Ich stufe den angestrebten Weg von Coop als "nett für das Image" ein, nicht aber als wirklich wirksam um der Co2-Problematik nachhaltig die Stirn zu bieten. Wie gesagt: wer nachhaltig wirken und handeln will, muss alle Geschäftszweige mit einbeziehen und nicht nur dort etwas bewegen, was nach aussen einen guten Eindruck vermittelt.
"Es ist nicht alles Gold, was glänzt!"
1 Kommentar:
Ich finde das einen wirklich guten und sehr mutigen Schritt von Coop. Klar ist der Ansatz auch gut für das Image, dies dürfte in diesem Fall aber nicht die einzige Überlegung gewesen sein.
Ich denke, hier meint es ein Betrieb wirklich einmal ernst, denn wenn man bedenkt, welche Summen investiert werden (nur schon um die Gebäude zu sanieren, aber es gibt noch viele weitere Punkt), kann man dies nicht mehr als Image-Politur werten.
Könnten sie mehr machen?
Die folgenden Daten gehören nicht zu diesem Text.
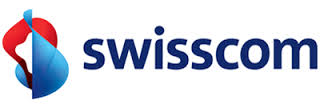 Swisscom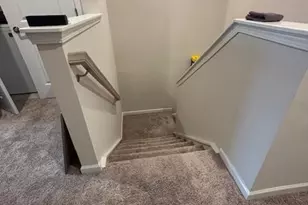 9122 Widden Wy, Charlotte, NC 28269 - Photo 35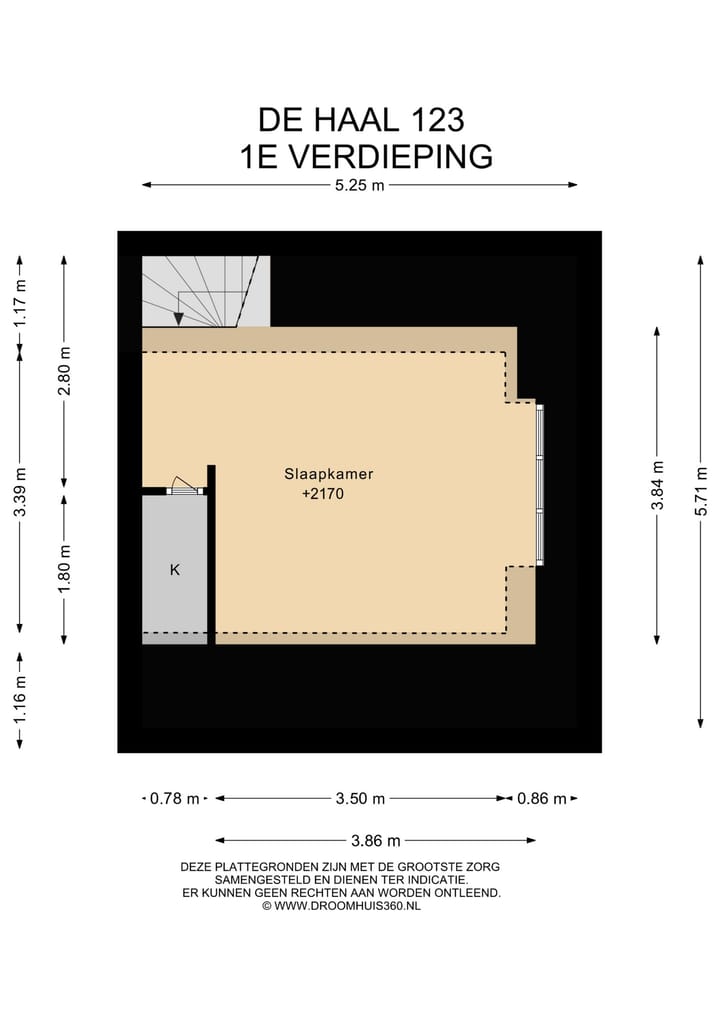 Foto 34 van De Haal 123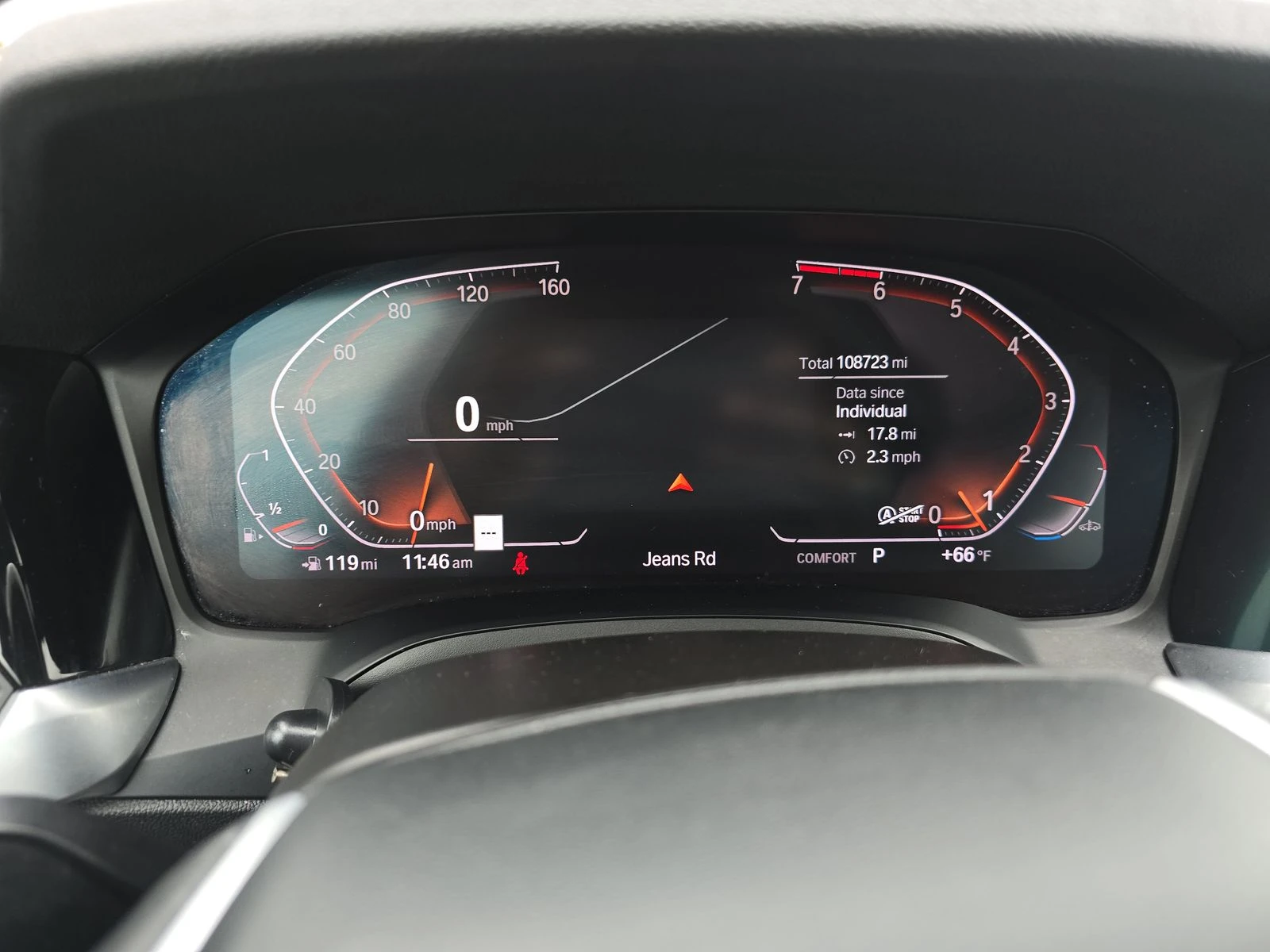 BMW 330  - изображение 7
Klar, dass könnte man immer. Aber Coop mit ihrem Ansatz viel weiter als alle anderen Lebensmittelläden der Schweiz gehen, ich finde man darf hier auch einmal lobende Worte finden.
Übrigens geht die Strategie eben viel weiter als nur die eigenen Gebäude in der Schweiz. Herr Loosli nennt im Artikel, dass zum Beispiel auch die Produktionsstätten berücksichtigt werden, kurz "auf alle Bereiche, die in unserem vollen Einflussbereich liegen".
Wie die Bananen im Urpsrungsland angebaut werden, kann wohl nicht direkt kontroliert werden. Die einfach nicht mehr einzukaufen, und gar keine Produkte von Übersee mehr anzubieten, halte ich für eine völlig überzogene Forderung! Denn dann würde einfach in einem anderen Laden gekauft werden, die Umsätze würden zurückgehen und Menschen würden ihren Arbeitsplatz verlieren. Nicht wirklich sozial. oder?
Nachhaltigkeit ist nicht nur Ökologie!